Test-Time Scaling of Diffusion Models via Noise Trajectory Search
Vignav Ramesh, Morteza Mardani
TL;DR
This work tackles the problem of test-time scaling for diffusion models by optimizing the noise trajectory over denoising steps, rather than simply increasing step count. It first casts diffusion sampling as a finite-horizon MDP with a terminal reward and then relaxes to a sequence of contextual bandits, enabling an ε-greedy search that balances global exploration at the extremes with local exploitation in the middle steps. The proposed method achieves state-of-the-art or competitive results on class-conditional ImageNet and text-to-image generation (Stable Diffusion) across non-differentiable rewards, often matching or exceeding Monte Carlo Tree Search while avoiding its computational burden. By providing a practical, gradient-free approach to noise-trajectory optimization, the paper offers a scalable avenue for improving diffusion-model outputs in real-world applications and highlights adaptive strategies across diffusion timesteps. The work thus advances test-time optimization for diffusion models with broad implications for controllable generation and evaluation under arbitrary reward criteria.
Abstract
The iterative and stochastic nature of diffusion models enables test-time scaling, whereby spending additional compute during denoising generates higher-fidelity samples. Increasing the number of denoising steps is the primary scaling axis, but this yields quickly diminishing returns. Instead optimizing the noise trajectory--the sequence of injected noise vectors--is promising, as the specific noise realizations critically affect sample quality; but this is challenging due to a high-dimensional search space, complex noise-outcome interactions, and costly trajectory evaluations. We address this by first casting diffusion as a Markov Decision Process (MDP) with a terminal reward, showing tree-search methods such as Monte Carlo tree search (MCTS) to be meaningful but impractical.
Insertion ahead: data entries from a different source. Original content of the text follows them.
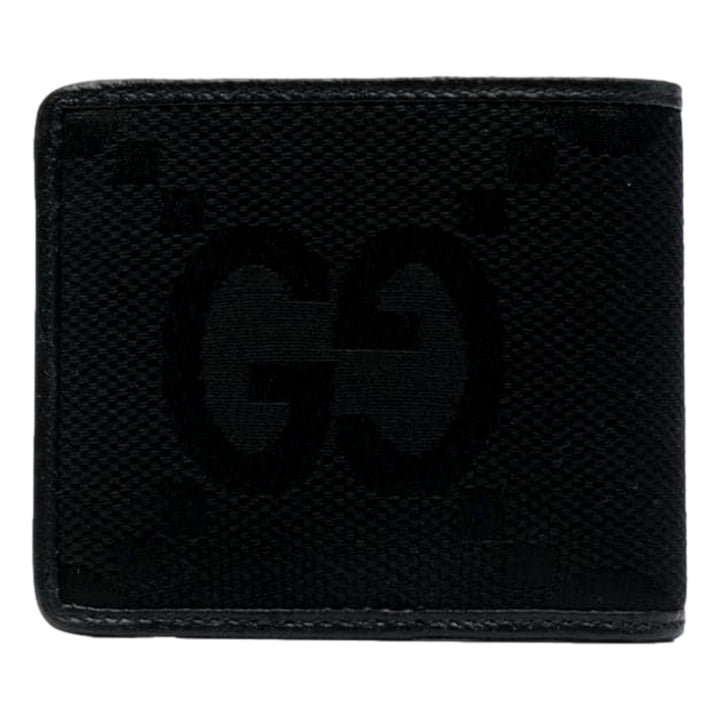 Gucci Jumbo GG Canvas Leather Black Bifold Wallet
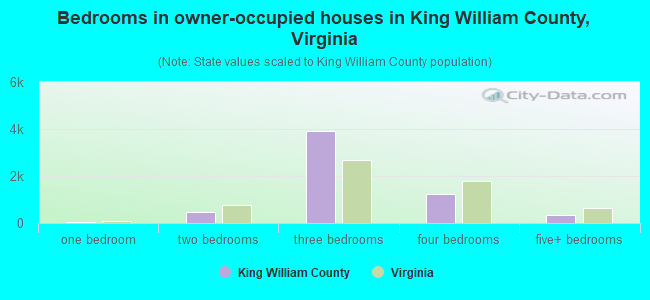 Bedrooms in owner-occupied houses in King William County, Virginia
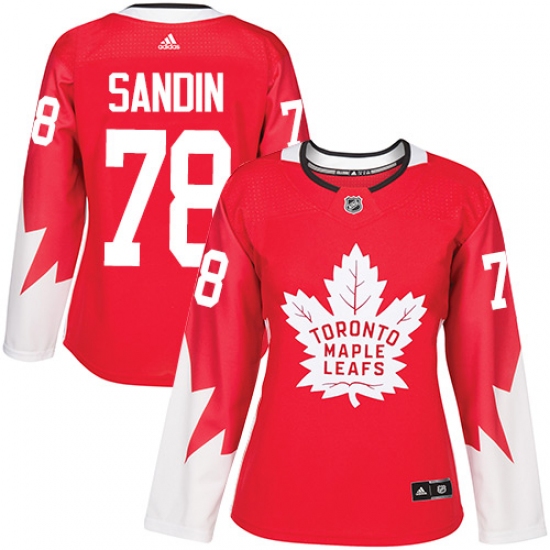 Women's Adidas Toronto Maple Leafs #78 Rasmus Sandin Authentic Red Alternate NHL Jersey - Ujersey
To balance performance and efficiency, we then resort to a relaxation of MDP, where we view denoising as a sequence of independent contextual bandits. This allows us to introduce an $ε$-greedy search algorithm that globally explores at extreme timesteps and locally exploits during the intermediate steps where de-mixing occurs. Experiments on EDM and Stable Diffusion reveal state-of-the-art scores for class-conditioned/text-to-image generation, exceeding baselines by up to $164\%$ and matching/exceeding MCTS performance. To our knowledge, this is the first practical method for test-time noise trajectory optimization of arbitrary (non-differentiable) rewards.